# Canada Immigration Fundamentals

**What this notebook shows**
- End-to-end exploratory analysis (loading, cleaning, EDA)
- Clear visual storytelling and interpretation

**Data**
- See in-notebook references (no external files required).

In [None]:
# Project: Canada Immigration Fundamentals
# Authors: Manish Mogan & Ritesh Penumatsa
# Context: Personal reference notebook for initial EDA on CIC landing data
# Created: September 17, 2025
# Last Updated: September 17, 2025


In [None]:
%pip install openpyxl

In [None]:
# import libraries
import numpy as np
import pandas as pd
import openpyxl

In [None]:
# read data file 'Canada.xlsx' and create a data frame
df = pd.read_excel ('Canada.xlsx', sheet_name = 'Canada by Citizenship (2)')

In [None]:
# get the size of the dataframe (rows, cols)
df.shape

In [None]:
# get the head of the dataframe
df.head()

In [None]:
# get the tail of the dataframe
df.tail()

In [None]:
# get the information on the dataframe
df.info (verbose = False)

In [None]:
# get a description of the dataframe
df.describe()

In [None]:
# get a list of column headers
df.columns

In [None]:
# get a list of indices
df.index

In [None]:
# drop unnecessary columns
# in pandas: rows is axis =0 and columns is axis = 1
df.drop (['Type', 'Coverage', 'AREA', 'REG', 'DEV', 'DevName'], axis = 1, inplace = True)

In [None]:
# check the deletion of unnecessary columns
df.head()

In [None]:
# rename column names
df.rename (columns = {'OdName':'Country', 'AreaName':'Continent', 'RegName': 'Region'}, inplace = True)

In [None]:
# check if columns were renamed
df.head()

In [None]:
# add a column at the end giving the total number of immigrants for each country
df['Total'] = df.sum (axis = 1, numeric_only = True)

In [None]:
# check if column was added
df.head()

In [None]:
# change the index to be the name of the country
df.set_index ('Country', inplace = True)

In [None]:
# check if the index was changed
df.head()

In [None]:
# get a slice of the data
df.loc ['Costa Rica']

In [None]:
# get data for only certain years
df.loc ['Greece', [1981, 1988, 1994, 1999]]

In [None]:
# convert column names into strings
df.columns = list (map (str, df.columns))

In [None]:
# create a condition
cond = (df['Continent'] == 'Asia')
print (cond)

In [None]:
# create a compound condition using Boolean operators: ~ (not), & (and), | (or)
cond = df[(df['Continent'] == 'Asia') & (df['Region'] == 'Southern Asia')]
print (cond)

**Q. 0 (0 points)**
Some useful functions to make your life easier in this assignment:
* https://pandas.pydata.org/docs/reference/api/pandas.DataFrame.groupby.html
* https://pandas.pydata.org/docs/reference/api/pandas.DataFrame.loc.html
* https://pandas.pydata.org/docs/reference/api/pandas.Series.map.html


**Q. 1 (20 points)**  
Add a row at the bottom of the dataframe that gives the total immigration for each year from 1980 to 2013.

In [None]:
# years var is -> list of years as strings like '1980', '1981', etc.
years = [str(year) for year in range(1980, 2014)]

# created series called total per years (with years var created ^^ above as index) -> sums total immigrants for each year
total_per_year = df[years].sum()

# created grand total which sum across all years to get an overall grand totla
grand_total = total_per_year.sum()

# total_row ->> created row for yearly totals and make it index with name = '' parameter
total_row = pd.Series(total_per_year, name='Total')

# in final totals row for continent/region columns, this specifies "All" to clarify its totaling acrosss all regions and continents
total_row['Continent'] = 'All'
total_row['Region'] = 'All'
total_row['Total'] = grand_total

#adding to the df
df = pd.concat([df, total_row.to_frame().T])

#showing last few rows for confmation
df

**Q. 2 (20 points)**  
For each year, find the maximum number of immigrants and the country that had the maximum number of immigrants.

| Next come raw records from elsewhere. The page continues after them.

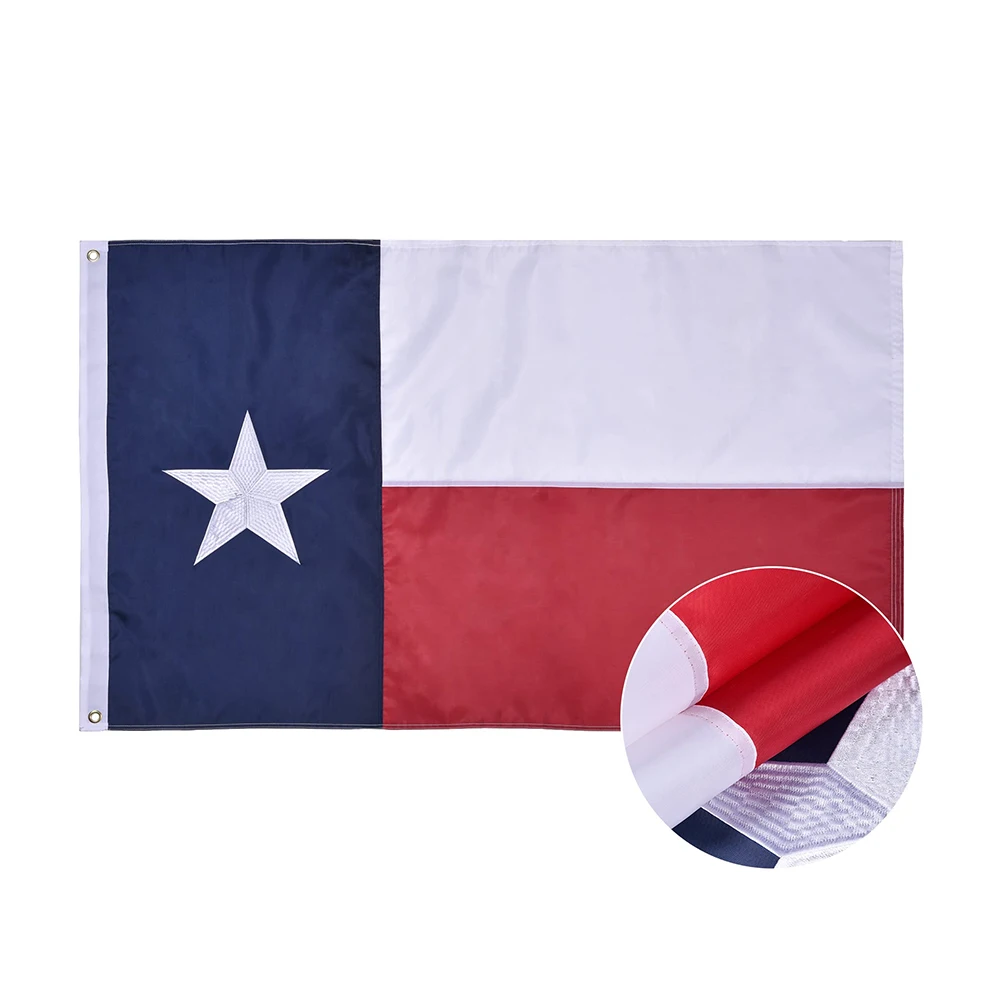 8x12 FT Outdoor Embroidered American Texas State Heavy Duty 210D Nylon Flag Texas Flag Of Texas with 2 Metal Grommets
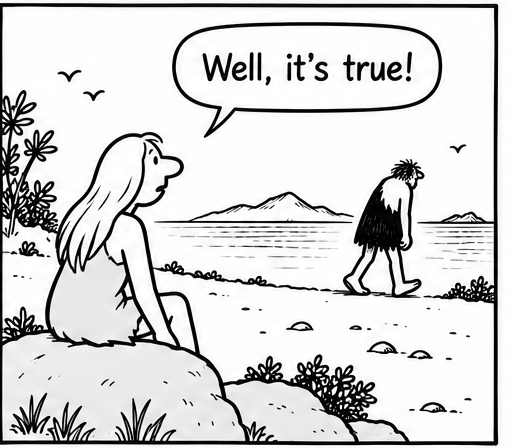 The woman remains seated and says, “Well, it’s true!” while Bjorn trudges away in the distance along the shore.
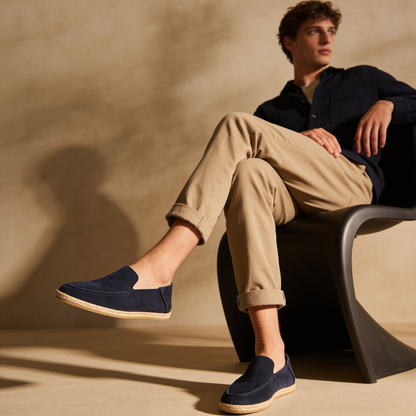 Men's Suede Style Espadrille Loafers | Jute Trim Summer Slip-On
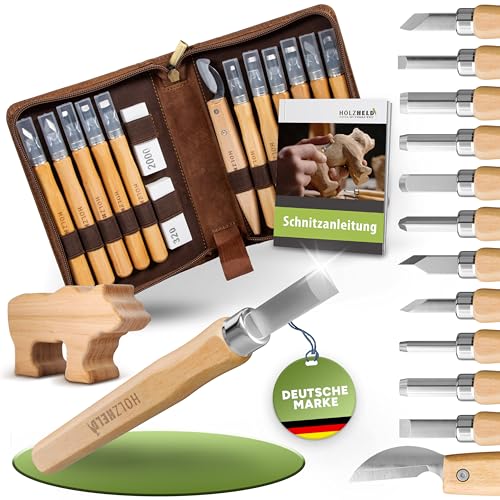 HOLZHELD Outil de sculpture et bloc de bois à sculpter (17 pièces) dans un très bel étui en cuir. Incl. guide de sculpture et grand bloc de bois en tilleul.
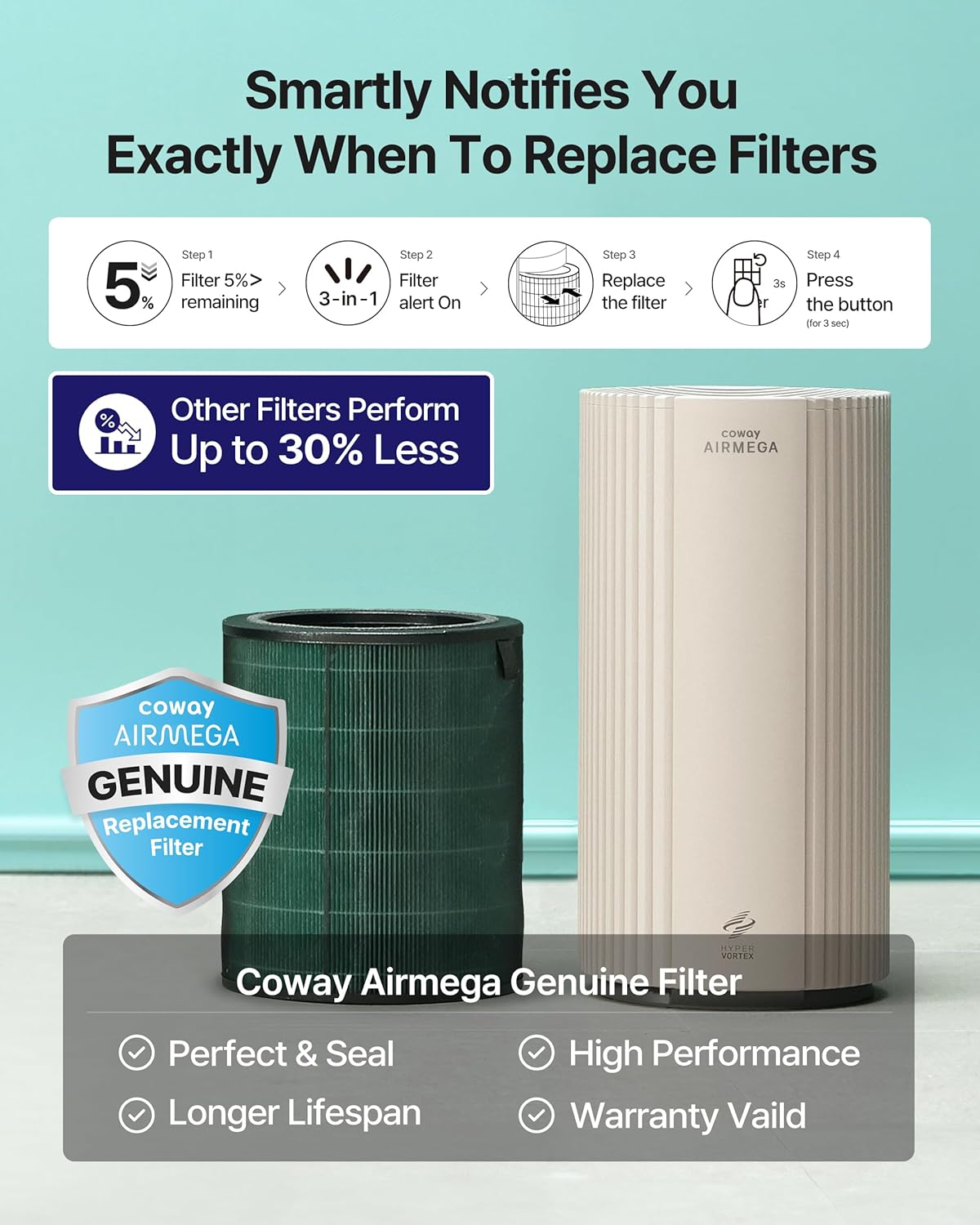 Thumbnail 6 de Coway Airmega 350 True HEPA purifier 2,640 ft²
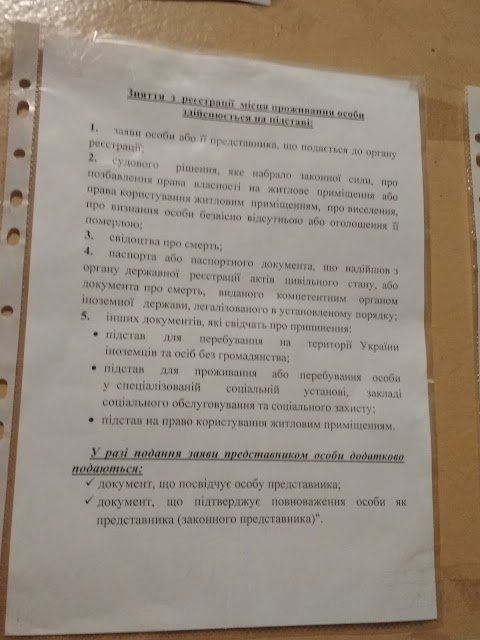 Управління державної реєстрації. Відділ реєстрації проживання особи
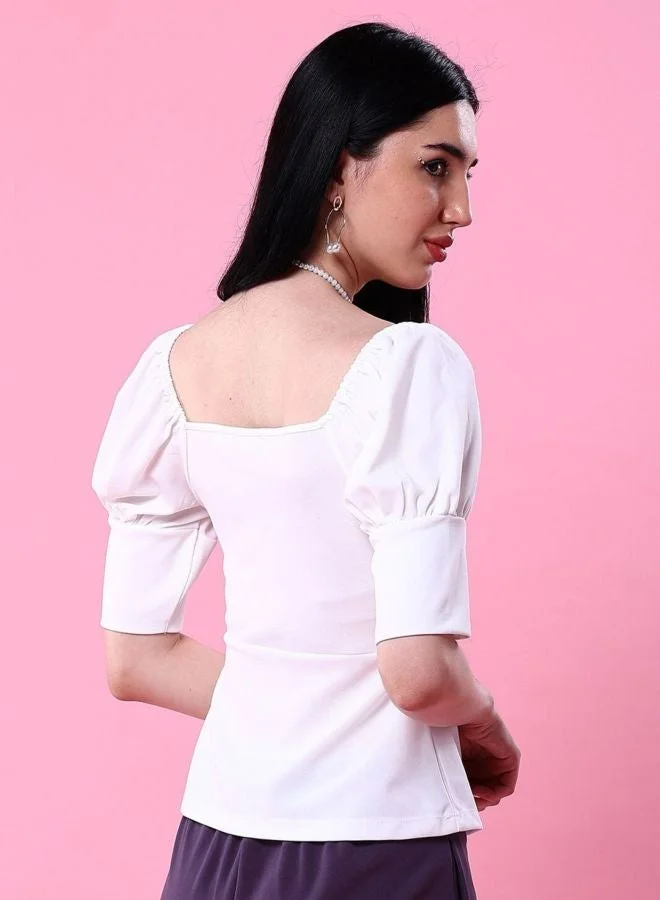 Freehand  Women Regular Fit Solid Sweetheart Neck Short Sleeve Fitted Wrap Top  | Best Price UAE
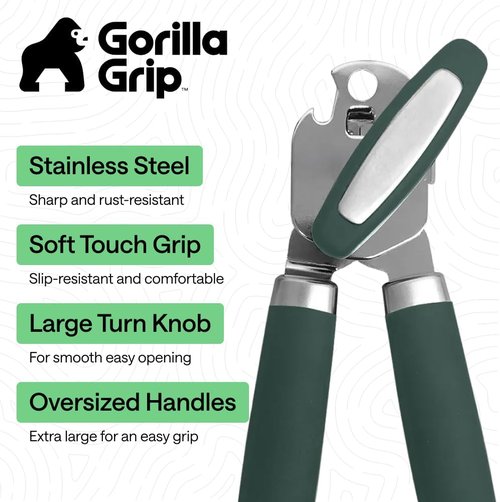 GORILLA GRIP Heavy Duty Manual Can Opener - Stainless Steel, Comfortable Handle, Hunter Green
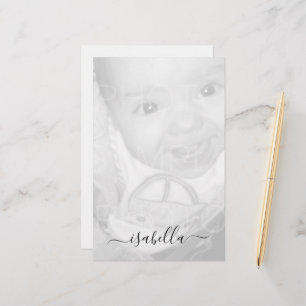 Customise Your Black White photo Monogram name Stationery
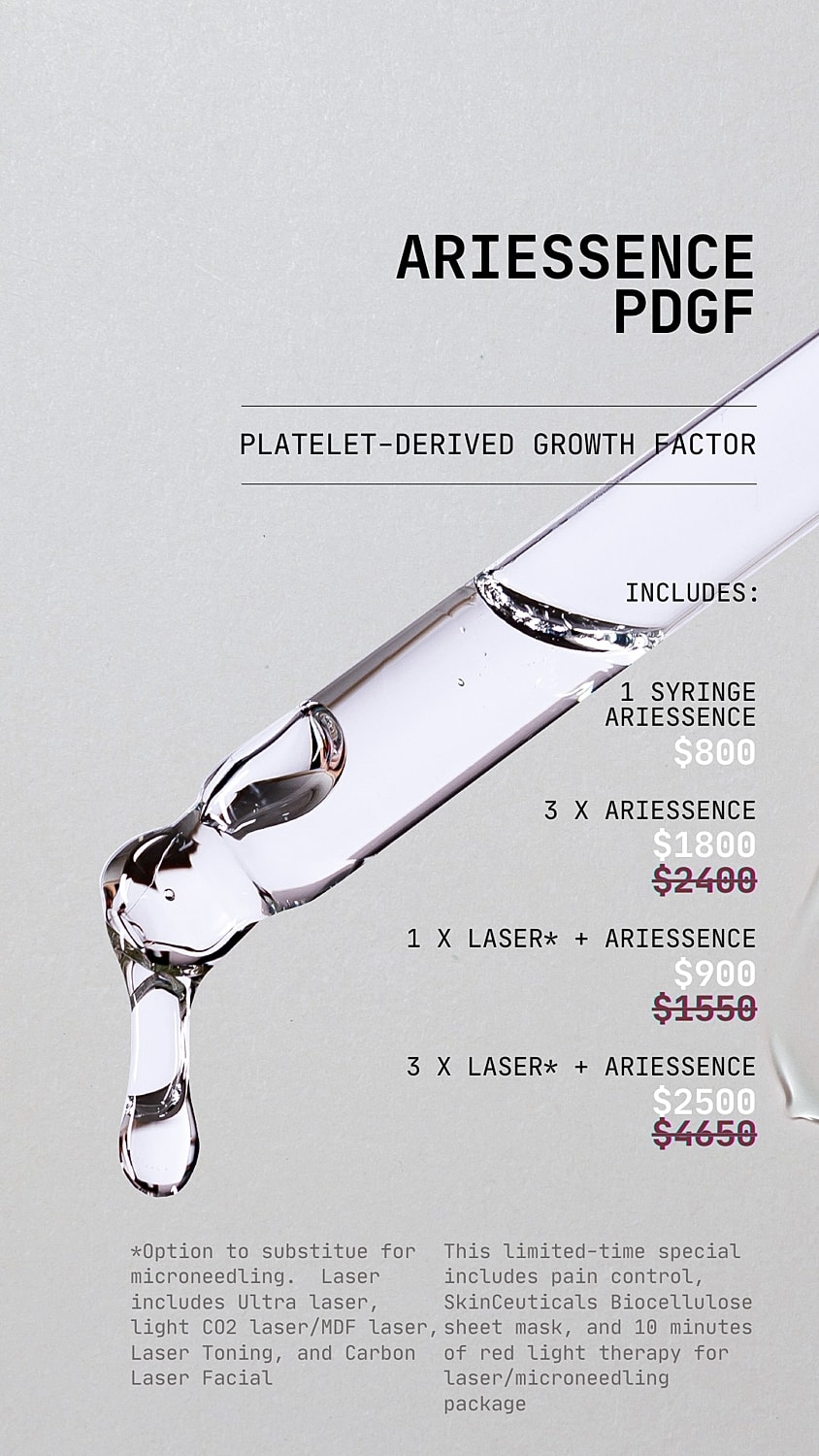 Ariessence PDGF treatment details and pricing.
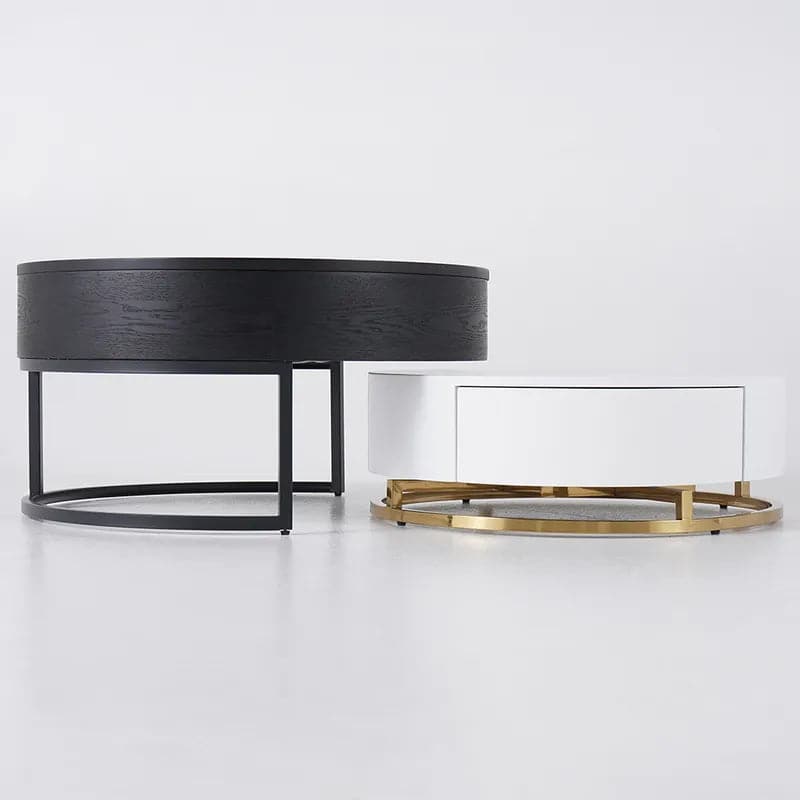Round Wood White & Black Lift-top Nesting Coffee Table with Rotatable Drawers#White & Black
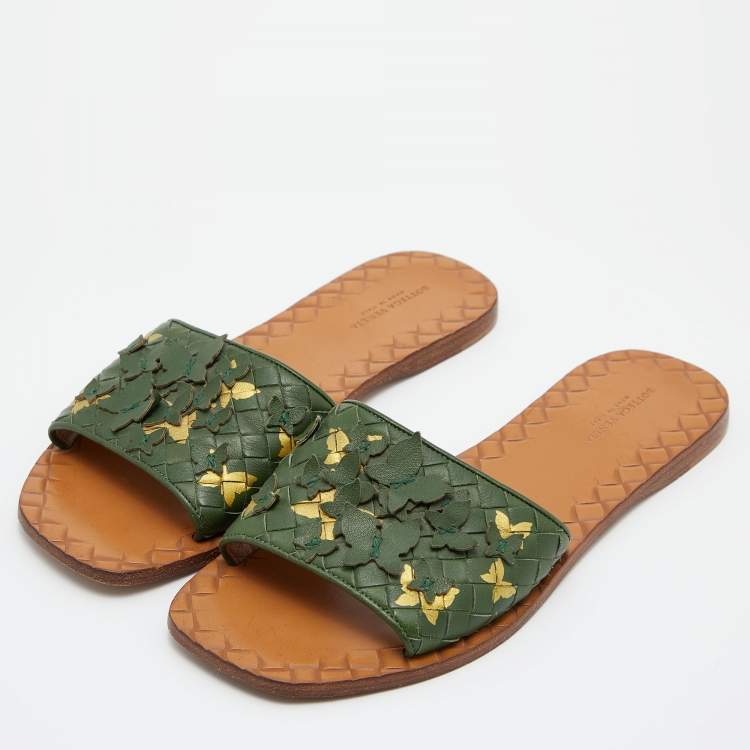 Pre Owned Bottega Veneta Green Intrecciato Leather Butterfly Ravello Flat Slides Size 38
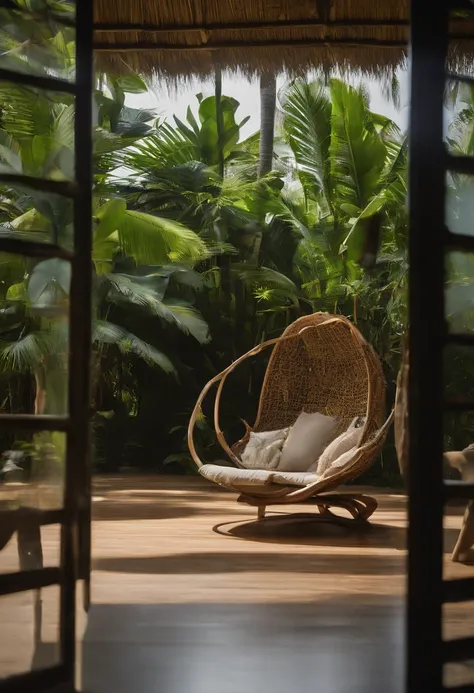 Use the chair shown in the picture I uploaded - a man is relaxing on the island of Bali, sitting on this chair, the chair is swaying, the chair is made of environmentally friendly material. He feels like he’s in the forest, but the man is sitting at home b...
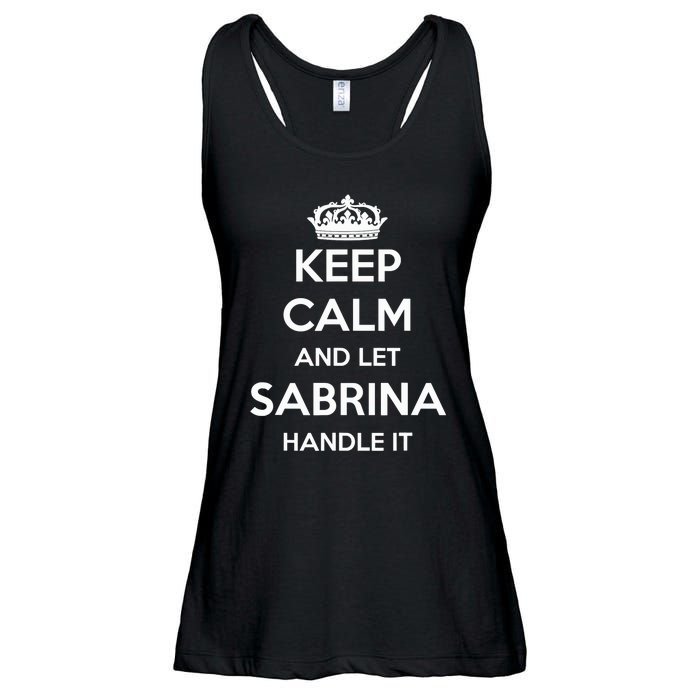 Keep Calm Handle It Personalized First Name Funny Sabrina Ladies Essential Flowy Tank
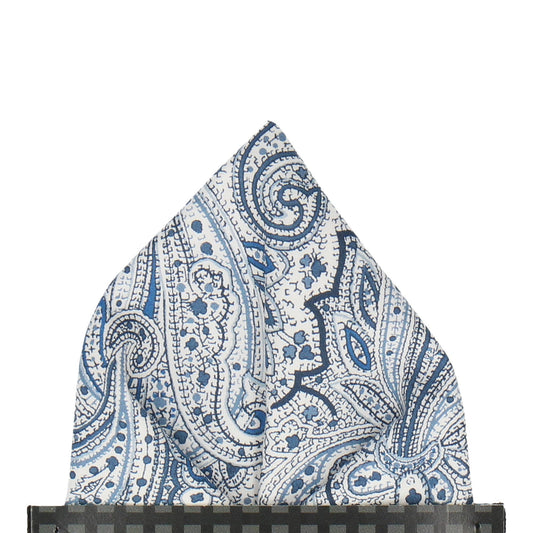 Blue & White Paisley Leibnitz Liberty Pocket Square - Pocket Square with Free UK Delivery - Mrs Bow Tie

Create a new dataframe having three columns - year, country, and number of immigrants. For a given year, if there are two or more countries having the same maximum number of immigrants, then choose that country that comes first in alphabetical order.

In [None]:
# drop the "Total" row if it exists (we only want real countries)
df_no_total = df.drop(index='Total', errors='ignore')

# make list of years as strings like b4, '1980'...'2013' since theyre strings in the ds
# your df columns for years are strings, not ints
years = [str(year) for year in range(1980, 2014)]

# empty list to store results
records = []

# loop over each year
for year in years:
    # get the biggest immigrant number for that year (single max value)
    max_val = df_no_total[year].max()

    # grab the country that hit that max (or countries coz there could be ties)
    countries_with_max = df_no_total[df_no_total[year] == max_val].index.tolist()
    #if tie, sort them alphabetically and just take the first one
    country = sorted(countries_with_max)[0]

    # build a little dict with year, country name, and immigrant number
    # cast to int so it's clean, no numpy dtype stuff
    records.append({'year': int(year), 'country': country, 'number_of_immigrants': int(max_val)})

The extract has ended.